How to Spot a Rug Pull?
What is a rug pull and how do I protect myself?
We’ll tell you about a scam that has been targeting people in the shitcoin community.
In this blog post, we’ll tell you about a scam that has been targeting people in the shitcoin community, and we’ll give you one simple solution to help protect you from falling victim to it.
So, imagine you’re sitting at your computer, glued to the chat in a new shitcoin’s telegram channel. Any minute now, the admins are going to release the official link for this shitcoin’s limited presale. Upon release, you’ll race with thousands to try and submit your BNB, reserving your spot amongst the few lucky ones who “got in early”.
A friend sends you a private message, you leave the shitcoin chat for just a moment to reply, then hop back in; to your relief, no updates were posted in your brief absence. Finally, the admins mute the chat -- the first sign that they’re about to release the presale link!
Moments later, the presale link is pinned in the chat! You click on it, connect your wallet to the website, throw in your BNB as fast as possible, and raise your hands in celebration as you’ve made it!
This might be the opportunity for you to finally 100x your investment!
You head back over to Telegram to gloat about your victory...except you notice something odd. There are two different, yet identical Telegram groups! They share the same shitcoin logo and name. Dread begins to creep in, as your gut tells you that something’s not right. You click on one of the shitcoin chatrooms to see a pinned link to the presale -- ok, that appears normal. Next, you click on the identical Telegram group, only to read people sending warnings about a fake presale link posted in an imposter telegram channel. All your energy leaves your body, as you realize that you fell for a scraping scam, and there is no way to retrieve your lost funds.
Telegram is a decent communication app, but one very flawed feature is that users can be added to new groups without any prompting or request to join. Scammers have been taking advantage of this feature, a process called scraping. If you’ve ever seen random telegram channels added to your sidebar, you’ve probably been scraped. And while not all telegram groups that scrape individuals are scams, it’s probably best to avoid them just in case.
The scam above (one which I actually fell for) uses scraping + some additional trickery to steal crypto from unsuspecting users. In my case, the scammers made an exact replica of a telegram channel I was in and added me (and thousands of others) to their fake room. Next, they posed as the admin from the real channel, muted the chat, then provided a fake presale link. When all was said and done, they tricked hundreds of people and made away with tens of thousands of dollars.
You can use to avoid being tricked.
I’ve since learned of one simple feature in Telegram you can use to avoid being tricked into entering a fake Telegram chat.
On your Telegram account, you’ll see “All Chats”. It’s a chaotic list of chats bouncing up and down every time someone types a message, and should just be avoided altogether.

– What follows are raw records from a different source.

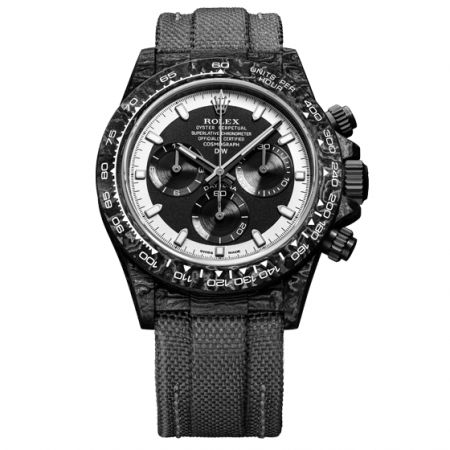 Rolex Daytona Cosmograph DiW Cream Invert CUSTOM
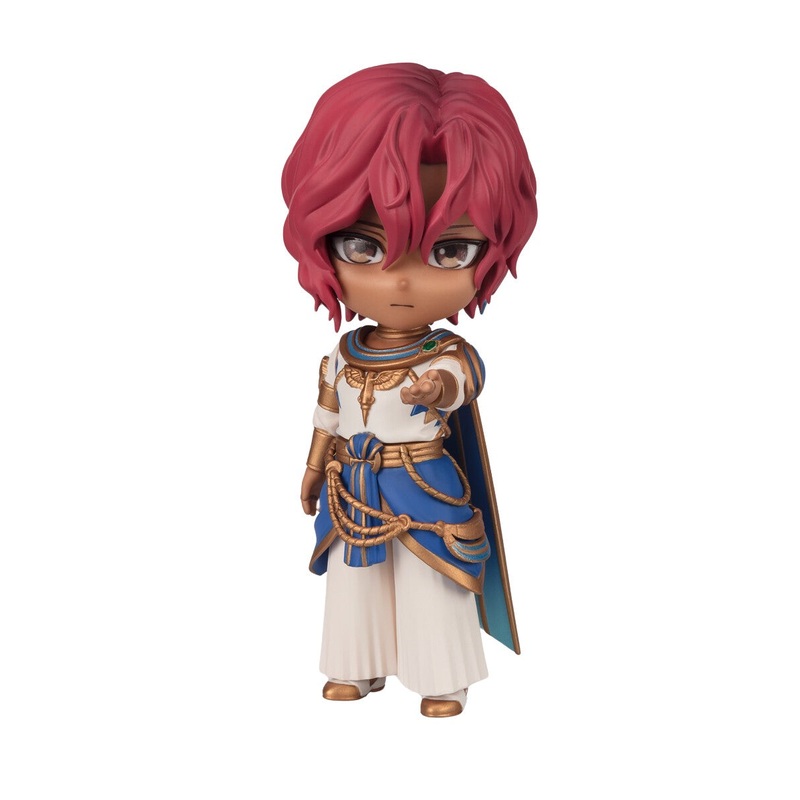 Tales of Arise – Dohalim – Figuarts mini (Bandai Spirits)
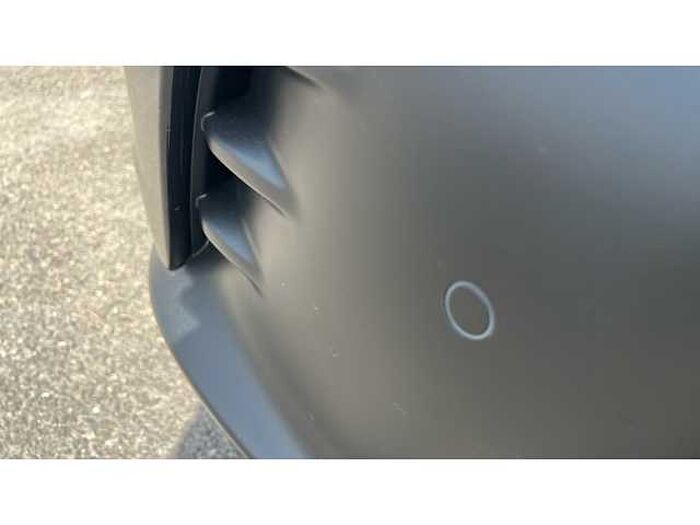 Honda Jazz Hybrid 1.5 i-MMD Hybrid Advance 5dr eCVT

Instead, you’re going to want to set up folders, which will allow you to filter out all the chaos. Personally, I have several folders based on tokens I’m looking to buy into, tokens I’m watching, and tokens I own.
No one can add groups to your folders, so you don’t have to worry about an imposter chat making its way into the list. Scammers can still scrape you into fake Telegram channels, but you’ll never even see those channels if you avoid your “All Chat” area.
I hope one day Telegram implements a system that won’t leave users vulnerable to being scraped into scam groups, but until then, play it safe and set up folders.